#### REQUIRED ACTION
Look below for the line containing "ASPERSOR PLAST. ESTACA" and the line containing "Dr. Z EZG 50"; repeat exactly those two lines and all lines between them, and nothing else.

++++++++

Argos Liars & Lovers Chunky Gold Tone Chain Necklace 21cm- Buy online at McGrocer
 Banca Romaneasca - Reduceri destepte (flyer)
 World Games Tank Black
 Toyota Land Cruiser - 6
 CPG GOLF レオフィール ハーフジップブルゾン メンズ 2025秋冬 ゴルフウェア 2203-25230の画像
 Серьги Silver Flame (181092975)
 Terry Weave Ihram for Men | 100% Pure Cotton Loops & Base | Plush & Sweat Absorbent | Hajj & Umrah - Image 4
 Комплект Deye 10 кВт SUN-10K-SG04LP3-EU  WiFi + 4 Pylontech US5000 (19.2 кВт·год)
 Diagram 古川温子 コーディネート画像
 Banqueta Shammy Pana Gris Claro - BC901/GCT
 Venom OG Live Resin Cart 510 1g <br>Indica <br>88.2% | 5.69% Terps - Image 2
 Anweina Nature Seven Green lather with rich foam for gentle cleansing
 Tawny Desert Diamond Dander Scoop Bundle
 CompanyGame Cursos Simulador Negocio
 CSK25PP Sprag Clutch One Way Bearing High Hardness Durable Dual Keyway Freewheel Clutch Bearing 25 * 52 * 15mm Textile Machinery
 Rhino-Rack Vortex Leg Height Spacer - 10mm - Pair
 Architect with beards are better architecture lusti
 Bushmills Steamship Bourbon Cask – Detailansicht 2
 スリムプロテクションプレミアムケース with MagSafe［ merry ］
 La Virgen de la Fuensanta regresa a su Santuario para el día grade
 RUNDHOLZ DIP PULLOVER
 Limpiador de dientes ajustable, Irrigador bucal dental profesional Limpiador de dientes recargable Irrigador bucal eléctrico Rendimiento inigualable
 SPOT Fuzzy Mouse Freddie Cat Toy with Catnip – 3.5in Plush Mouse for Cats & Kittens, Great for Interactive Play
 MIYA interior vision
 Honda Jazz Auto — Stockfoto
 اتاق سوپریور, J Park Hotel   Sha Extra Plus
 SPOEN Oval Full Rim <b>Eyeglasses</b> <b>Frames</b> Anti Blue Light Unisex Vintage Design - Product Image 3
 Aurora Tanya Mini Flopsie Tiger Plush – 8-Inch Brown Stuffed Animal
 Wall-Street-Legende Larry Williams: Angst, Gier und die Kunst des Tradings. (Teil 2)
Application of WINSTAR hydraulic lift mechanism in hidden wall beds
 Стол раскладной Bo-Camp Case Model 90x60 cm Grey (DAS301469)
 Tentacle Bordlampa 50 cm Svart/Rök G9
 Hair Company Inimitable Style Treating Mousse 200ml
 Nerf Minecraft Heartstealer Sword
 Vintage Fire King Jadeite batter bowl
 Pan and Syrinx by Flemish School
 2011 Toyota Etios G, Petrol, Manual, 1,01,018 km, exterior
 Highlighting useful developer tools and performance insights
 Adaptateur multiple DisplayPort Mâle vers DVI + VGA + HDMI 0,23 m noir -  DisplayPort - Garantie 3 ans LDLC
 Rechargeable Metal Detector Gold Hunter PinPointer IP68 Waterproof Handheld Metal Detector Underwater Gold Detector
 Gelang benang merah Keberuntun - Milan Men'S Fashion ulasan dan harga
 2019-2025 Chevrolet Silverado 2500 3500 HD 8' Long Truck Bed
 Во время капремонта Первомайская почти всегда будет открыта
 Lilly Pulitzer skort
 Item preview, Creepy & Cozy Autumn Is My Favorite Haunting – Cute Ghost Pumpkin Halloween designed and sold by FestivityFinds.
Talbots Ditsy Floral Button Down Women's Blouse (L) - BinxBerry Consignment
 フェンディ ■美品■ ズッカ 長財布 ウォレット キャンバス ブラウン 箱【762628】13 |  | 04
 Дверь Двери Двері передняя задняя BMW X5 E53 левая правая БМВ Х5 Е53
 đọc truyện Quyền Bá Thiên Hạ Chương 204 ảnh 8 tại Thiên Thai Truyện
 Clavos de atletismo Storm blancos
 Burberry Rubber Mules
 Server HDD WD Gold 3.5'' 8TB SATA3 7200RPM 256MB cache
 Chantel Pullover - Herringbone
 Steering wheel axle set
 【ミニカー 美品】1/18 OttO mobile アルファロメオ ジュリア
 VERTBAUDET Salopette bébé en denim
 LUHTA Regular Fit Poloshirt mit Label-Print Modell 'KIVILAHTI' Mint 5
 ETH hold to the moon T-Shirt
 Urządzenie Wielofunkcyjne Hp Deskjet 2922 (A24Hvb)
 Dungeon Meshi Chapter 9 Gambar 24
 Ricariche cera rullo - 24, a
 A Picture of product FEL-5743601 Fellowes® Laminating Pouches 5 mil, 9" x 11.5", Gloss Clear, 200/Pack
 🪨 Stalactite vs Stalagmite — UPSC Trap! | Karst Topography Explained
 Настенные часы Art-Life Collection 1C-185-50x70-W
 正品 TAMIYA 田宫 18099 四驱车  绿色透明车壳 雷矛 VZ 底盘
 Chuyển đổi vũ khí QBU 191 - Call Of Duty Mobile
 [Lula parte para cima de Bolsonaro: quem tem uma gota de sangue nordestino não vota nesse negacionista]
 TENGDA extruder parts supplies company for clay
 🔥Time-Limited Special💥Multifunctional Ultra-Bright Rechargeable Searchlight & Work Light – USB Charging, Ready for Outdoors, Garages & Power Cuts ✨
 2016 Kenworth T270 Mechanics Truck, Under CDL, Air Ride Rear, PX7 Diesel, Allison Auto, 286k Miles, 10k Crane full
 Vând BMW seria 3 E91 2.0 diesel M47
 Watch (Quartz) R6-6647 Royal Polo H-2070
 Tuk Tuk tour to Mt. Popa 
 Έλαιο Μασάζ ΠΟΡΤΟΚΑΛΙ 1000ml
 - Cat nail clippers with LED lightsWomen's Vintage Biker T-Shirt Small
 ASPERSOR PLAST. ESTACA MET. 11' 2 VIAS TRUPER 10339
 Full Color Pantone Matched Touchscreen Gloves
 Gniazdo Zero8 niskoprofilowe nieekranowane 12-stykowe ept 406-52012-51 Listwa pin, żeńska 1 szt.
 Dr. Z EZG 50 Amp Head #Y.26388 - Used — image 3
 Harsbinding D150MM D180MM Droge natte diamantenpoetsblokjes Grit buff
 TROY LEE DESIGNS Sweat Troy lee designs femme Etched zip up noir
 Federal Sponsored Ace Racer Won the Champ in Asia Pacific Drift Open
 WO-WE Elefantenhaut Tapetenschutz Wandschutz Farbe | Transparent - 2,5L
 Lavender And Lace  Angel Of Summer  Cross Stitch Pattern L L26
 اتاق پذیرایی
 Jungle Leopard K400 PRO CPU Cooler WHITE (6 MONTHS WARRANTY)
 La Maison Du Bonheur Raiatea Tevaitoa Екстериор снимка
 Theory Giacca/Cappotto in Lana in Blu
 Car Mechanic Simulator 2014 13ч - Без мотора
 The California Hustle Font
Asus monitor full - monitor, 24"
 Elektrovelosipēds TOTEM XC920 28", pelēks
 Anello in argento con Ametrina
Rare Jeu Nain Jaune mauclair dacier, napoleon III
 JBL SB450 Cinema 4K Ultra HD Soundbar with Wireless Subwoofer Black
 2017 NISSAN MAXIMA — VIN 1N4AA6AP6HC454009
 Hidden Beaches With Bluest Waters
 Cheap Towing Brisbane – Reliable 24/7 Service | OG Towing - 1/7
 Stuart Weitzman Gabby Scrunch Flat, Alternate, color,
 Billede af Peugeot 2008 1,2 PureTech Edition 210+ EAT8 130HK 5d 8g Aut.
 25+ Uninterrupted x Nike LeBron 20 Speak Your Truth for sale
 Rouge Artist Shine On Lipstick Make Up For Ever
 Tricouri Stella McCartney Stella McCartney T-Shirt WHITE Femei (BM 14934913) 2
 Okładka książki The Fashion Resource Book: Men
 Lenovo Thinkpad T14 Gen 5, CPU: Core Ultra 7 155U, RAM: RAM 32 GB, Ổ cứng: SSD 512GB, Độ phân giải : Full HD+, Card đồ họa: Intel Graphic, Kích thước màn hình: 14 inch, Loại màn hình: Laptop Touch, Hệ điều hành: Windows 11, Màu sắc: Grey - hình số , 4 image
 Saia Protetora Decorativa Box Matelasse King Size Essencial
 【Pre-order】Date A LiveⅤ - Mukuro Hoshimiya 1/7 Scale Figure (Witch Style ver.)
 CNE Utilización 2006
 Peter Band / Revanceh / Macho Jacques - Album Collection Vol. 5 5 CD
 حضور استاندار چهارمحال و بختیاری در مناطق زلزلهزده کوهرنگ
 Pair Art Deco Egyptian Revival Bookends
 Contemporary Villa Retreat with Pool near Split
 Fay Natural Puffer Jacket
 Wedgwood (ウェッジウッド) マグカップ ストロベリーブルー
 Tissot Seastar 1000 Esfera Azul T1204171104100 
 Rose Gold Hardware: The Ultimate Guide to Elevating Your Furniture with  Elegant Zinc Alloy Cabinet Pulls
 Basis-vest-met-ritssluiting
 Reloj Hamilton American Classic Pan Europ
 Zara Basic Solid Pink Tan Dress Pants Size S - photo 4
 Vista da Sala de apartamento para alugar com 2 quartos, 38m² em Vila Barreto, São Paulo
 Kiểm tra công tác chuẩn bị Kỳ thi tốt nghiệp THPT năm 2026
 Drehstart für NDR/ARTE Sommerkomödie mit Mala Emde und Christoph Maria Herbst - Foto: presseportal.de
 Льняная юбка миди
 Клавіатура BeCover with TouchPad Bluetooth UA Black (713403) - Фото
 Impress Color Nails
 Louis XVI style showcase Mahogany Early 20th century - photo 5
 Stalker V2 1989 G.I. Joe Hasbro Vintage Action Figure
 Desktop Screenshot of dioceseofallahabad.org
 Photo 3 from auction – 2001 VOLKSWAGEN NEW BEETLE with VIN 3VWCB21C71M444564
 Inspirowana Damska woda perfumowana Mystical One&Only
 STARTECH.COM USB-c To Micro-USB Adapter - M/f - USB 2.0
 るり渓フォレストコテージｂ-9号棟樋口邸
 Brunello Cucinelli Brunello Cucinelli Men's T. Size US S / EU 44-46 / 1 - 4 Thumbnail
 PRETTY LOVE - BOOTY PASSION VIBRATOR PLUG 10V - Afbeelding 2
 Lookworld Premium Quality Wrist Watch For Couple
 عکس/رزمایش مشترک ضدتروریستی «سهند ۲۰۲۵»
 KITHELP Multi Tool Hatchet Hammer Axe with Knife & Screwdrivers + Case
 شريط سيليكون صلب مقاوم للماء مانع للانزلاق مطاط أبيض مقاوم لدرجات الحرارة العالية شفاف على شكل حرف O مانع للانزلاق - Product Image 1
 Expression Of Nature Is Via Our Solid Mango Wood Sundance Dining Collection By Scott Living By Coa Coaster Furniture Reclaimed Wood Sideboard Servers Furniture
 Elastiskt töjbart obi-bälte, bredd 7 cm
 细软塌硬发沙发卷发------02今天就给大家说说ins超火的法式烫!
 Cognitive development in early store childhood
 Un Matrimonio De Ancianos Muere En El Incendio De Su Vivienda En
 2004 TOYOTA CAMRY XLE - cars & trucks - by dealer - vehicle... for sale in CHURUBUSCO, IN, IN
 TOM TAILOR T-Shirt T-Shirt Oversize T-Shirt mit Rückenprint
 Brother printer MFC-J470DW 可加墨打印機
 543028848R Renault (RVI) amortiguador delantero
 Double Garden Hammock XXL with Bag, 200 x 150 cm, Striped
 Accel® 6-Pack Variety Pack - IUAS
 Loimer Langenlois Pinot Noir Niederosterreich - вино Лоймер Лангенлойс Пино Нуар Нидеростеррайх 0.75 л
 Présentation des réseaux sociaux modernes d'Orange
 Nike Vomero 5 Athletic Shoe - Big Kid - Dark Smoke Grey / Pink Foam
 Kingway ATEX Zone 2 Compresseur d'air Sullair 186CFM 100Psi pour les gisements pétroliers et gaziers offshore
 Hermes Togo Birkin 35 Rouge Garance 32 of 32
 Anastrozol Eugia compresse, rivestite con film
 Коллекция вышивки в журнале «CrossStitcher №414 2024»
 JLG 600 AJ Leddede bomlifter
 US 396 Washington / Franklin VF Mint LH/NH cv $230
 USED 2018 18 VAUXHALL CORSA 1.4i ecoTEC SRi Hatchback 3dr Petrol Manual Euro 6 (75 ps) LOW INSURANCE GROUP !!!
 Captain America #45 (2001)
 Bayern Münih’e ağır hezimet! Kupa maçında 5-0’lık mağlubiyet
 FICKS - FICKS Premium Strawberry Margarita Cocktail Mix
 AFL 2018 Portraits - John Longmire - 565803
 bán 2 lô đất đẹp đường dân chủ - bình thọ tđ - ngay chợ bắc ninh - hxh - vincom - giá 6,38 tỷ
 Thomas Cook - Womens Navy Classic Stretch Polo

++++++++

#### YOUR SOLUTION
 ASPERSOR PLAST. ESTACA MET. 11' 2 VIAS TRUPER 10339
 Full Color Pantone Matched Touchscreen Gloves
 Gniazdo Zero8 niskoprofilowe nieekranowane 12-stykowe ept 406-52012-51 Listwa pin, żeńska 1 szt.
 Dr. Z EZG 50 Amp Head #Y.26388 - Used — image 3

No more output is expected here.